Thousands meanwhile gathered in the port city of Guayaquil some 170 miles (270 kilometers) southwest of Quito, in protest at the demonstrations in the capital.
“Democracy will not fall in the streets of Guayaquil!” the city’s mayor Cynthia Viteri told the crowd, most of whom were dressed in white in a pro-peace display.
“Our country’s economy has to move forward,” said 60-year-old shopkeeper Patricia Castillo, defending the government’s fuel price hikes.
Oil industry hit
Discussions with leaders of the powerful indigenous umbrella organization CONAIE also took place in Guayaquil, where Moreno moved his government operations Monday due to the ongoing disturbances in the capital.
“There is dialogue with the brother indigenous peoples who unfortunately have needs,” Moreno said of the groups which make up a quarter of the population of the country’s 17.3 million people.
He also offered to free up resources for those hit hard by the rise in fuel prices.
The unrest threatened to inflict wider damage on an already weakened economy.
The energy ministry announced it was shutting down one of the country’s two domestic oil pipelines, effectively suspending two-thirds of its distribution of crude.
“Due to this shutdown, we are analyzing the possibility of declaring force majeure,” to avoid the country incurring penalties for postponing crude shipments, the ministry said in a statement.
Protesters seized three oil facilities in the Amazon earlier this week.
Ecuador, which exited the OPEC international oil cartel last week citing economic constraints, produced more than 500,000 barrels-per-day (bpd) — which was worth some $4.6 billion in exports in the first six months of the year.
However, Wednesday’s shutdown accounts for 68 percent of its oil output, the ministry said, adding that the protests had cost $12.8 million in lost production to date.
Demonstrations broke out after increases of up to 120 percent in fuel prices came into force on October 3.
They have left one civilian dead and 122 people injured, with 766 detained, according to the latest figures from the authorities and the Red Cross.
‘No coup’
Moreno has accused his predecessor and ex-ally Rafael Correa along with Venezuelan President Nicolas Maduro of an “attempted coup d’etat.”
“The evidence points precisely to him (Correa) as a key player,” Moreno insisted in an interview with CNN Wednesday.
In Washington, a senior US official backed the allegations and voiced hope that all sides in Ecuador would sort out their differences peacefully.
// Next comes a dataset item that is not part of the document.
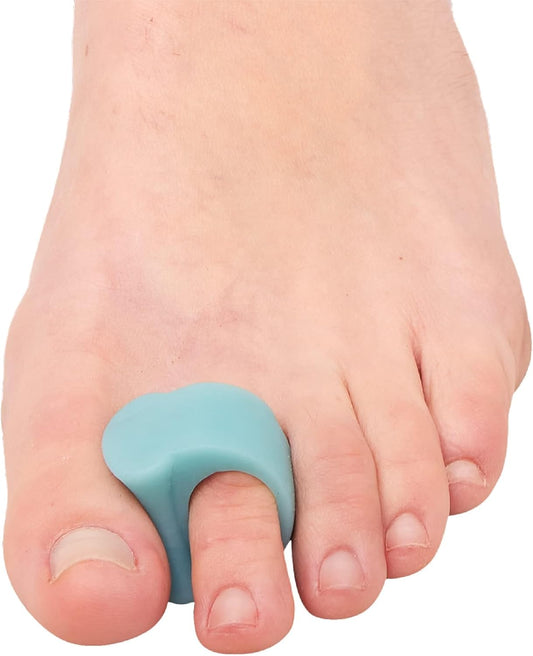 ZenToes Gel Toe Separators for Overlapping Toes, Bunions, Big Toe Alignment, Corrector and Spacer - 4 Pack (Blue)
“Unfortunately the Correa people with their friends in Venezuela and Cuba and so on are provoking demonstrations and some degree of violence there,” the official said on condition of anonymity.
Maduro, a leftist firebrand whom Washington is seeking to oust, has denounced allegations of involvement as absurd.
Moreno has drawn support, however, from seven Latin American countries — including Argentina, Brazil and Colombia — that, in a joint statement, rejected any effort by Maduro and his allies to “destabilize” Ecuador.
Correa, meanwhile, called for early elections and denied he was attempting to oust Moreno.
“There’s no coup here. Conflicts in a democracy are resolved at the polls,” the Belgium-based Correa said in a video published on social media.